A business confidence survey conducted in early July by the International Air Transport Association found that more than three-quarters of airline chief financial officers and heads of cargo indicated profitability increased in the second quarter of calendar 2017 compared to last year.
“Industry heads were markedly more confident about the outlook for profitability over the year ahead than they have been in recent surveys, mainly reflecting expectations that the demand backdrop will remain robust,’’ the survey said.
“Once again, the survey responses were consistent with the strong opening to 2017 for both passenger and freight volumes.
“Given the broad-based pick-up in global economic conditions, more than four-fifths of respondents expect passenger volumes to rise over the next 12 months, while the majority of respondents expect air freight volumes to continue their positive growth trend over the year ahead too.”
Half of the respondents to the Business Confidence Survey reported decreased operating costs and responses about yields “were consistent with the bottoming out of passenger yields and an upward trend in freight yields’’, the survey said.
Airline employment was also up, with 44 per cent of respondents planning to add workers in the year ahead.
But it was a gloomier appraisal that came out of Etihad’s headquarters in Abu Dhabi.
The Etihad loss compared to a profit last year of $US103m and comes at a time the Gulf carriers have been hit by lower oil prices, increased competition and external events such terrorism in Europe and adverse US government policies.
Earlier this year, Dubai-based Emirates announced a 70 per cent slump in 2016-17 annual profit as officials predicted another challenging year due to “hyper competition” and volatility in many markets.
“This year is just as challenging for the global aviation industry and the ever-evolving competitive environment is likely to impact overall performance in 2017,’’ said Etihad interim group chief executive officer Ray Gammell. “However, our airline business remains strong and class-leading, and as an aviation group, we are in a stronger position.”
Etihad Airways chief executive Peter Baumgartner added: “We are in an industry characterised by overcapacity, declining market sizes on key routes, and changing customer behaviour as a weak global economy affects spending appetite.
“Our answer to these challenges is innovation and reinvention, and this gives Etihad Airways a competitive edge as we seek to leverage opportunities offered to us by a changing environment.’’
Etihad took a $US1.06 billion charge on aircraft to reflect the market value of the planes and the fact it was moving early to phase out some types.
It also wrote off $US808m on investments made under previous chief executive James Hogan as part of a strategy to expand the airline’s global footprint.
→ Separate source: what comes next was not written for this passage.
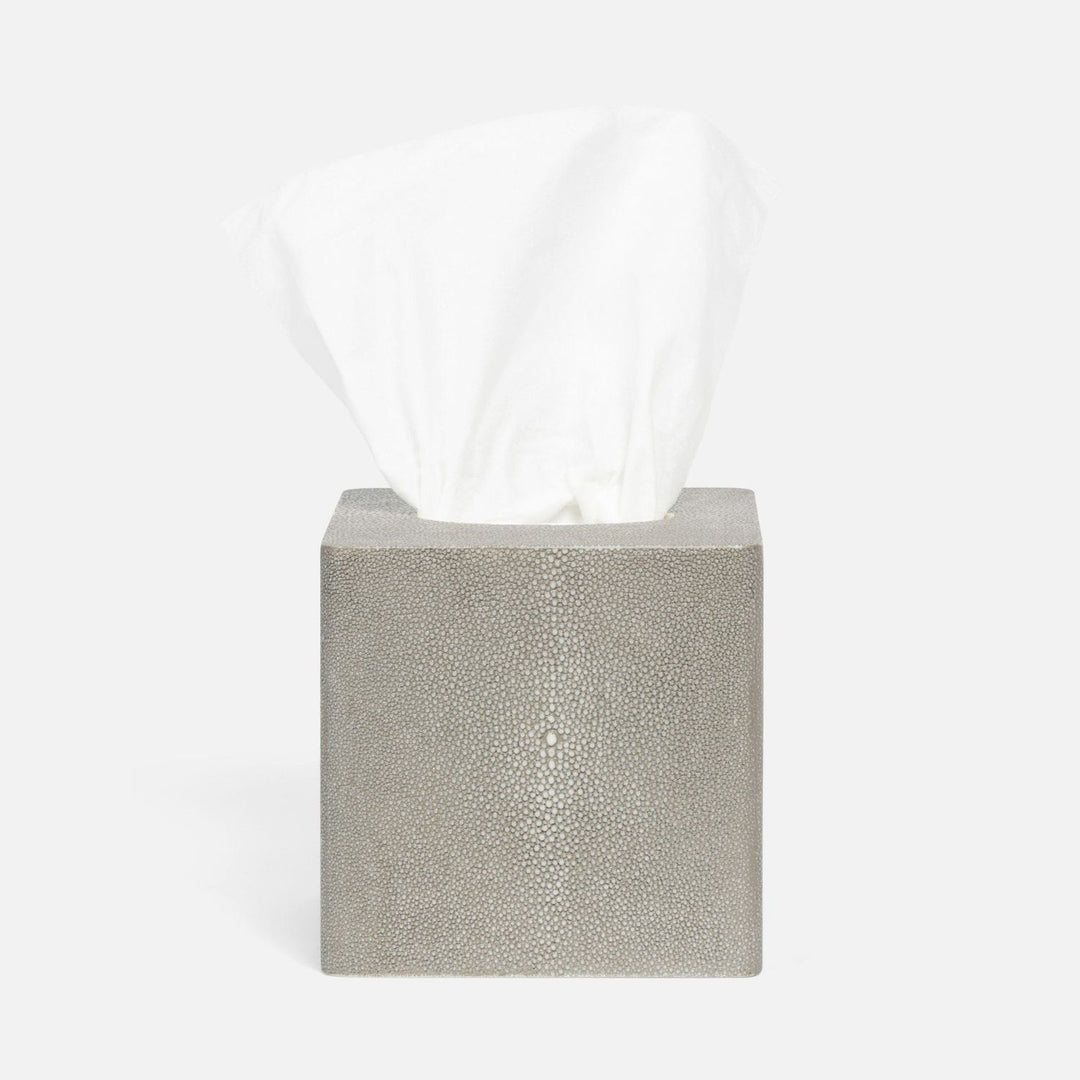 Tenby, Sand, Tissue Box, Square Straight, Realistic Faux Shagreen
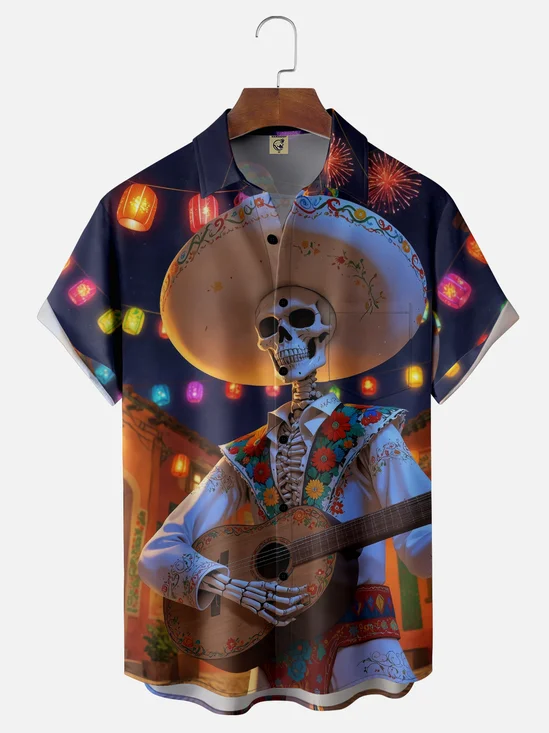 Moisture-wicking Day Of The Dead Skeleton Guitar Chest Pocket Casual Shirt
These mainly related to failed carrier Alitalia, currently in administration after unions rejected a restructuring deal, and financially-troubled airberlin.
The charges suggest it is following a strategy used by Qantas to get its balance sheet in order by taking the write-downs in one massive hit. Qantas subsequently posted record profits.
Etihad said legacy fuel hedging contracts also affected 2016 performance, although this was expected to have a diminished financial impact in 2017.
Etihad did not provide an underlying pre-tax result but noted passenger revenue at the “core airline” had remained flat at $US4.9 billion, despite an increase in passengers from 17.6 million in 2015 to a record 18.5 million in 2016. Capacity was up by 9 per cent.
Yields, a measure of average fares, fell 8 per cent “amid market capacity pressures and the tough global economic climate” but this was partially offset by an 11 per cent reduction in costs.
“Yields were under pressure in all cabins, with business class impacted particularly as corporate travel policies continued to encourage flyers to downgrade to Economy,’’ Baumgartner said.
Etihad has been shedding staff as part of a restructuring program called Right Size & Shape which Gammell said had produced savings of about 4 per cent by the end of 2016.
“We are focused on maintaining the solid performance of our core airline business – operationally and financially – even amid difficult market headwinds,’’ he said. “At the same time, we continue to implement changes across the group as part of the comprehensive strategic review, with a focus on improving revenues and reducing costs. ‘’
It was better news in Singapore, where SIA Group airlines reported a 45.6 per cent rise in first-quarter 2017-18 operating profit to $S281 million ($US207m) after a surprise loss in last year’s fourth quarter.
Singapore Airlines, SilkAir, Budget Aviation Holdings, SIA Cargo and SIA engineering were all profitable with profit at the “parent airline’’ up from $S197m in the first quarter of 2016-17 to $S241m.
Passenger revenue rose $S121 million as traffic increased by 7.6 per cent.
However, the airline said the business outlook remained challenging “as the uncertain global economic climate and geopolitical concerns, coupled with overcapacity in our key markets, continue to dampen yield performance.
“Fuel prices are expected to remain volatile in the months ahead, as the global oil market continues to adjust to demand and supply conditions,’’ it said.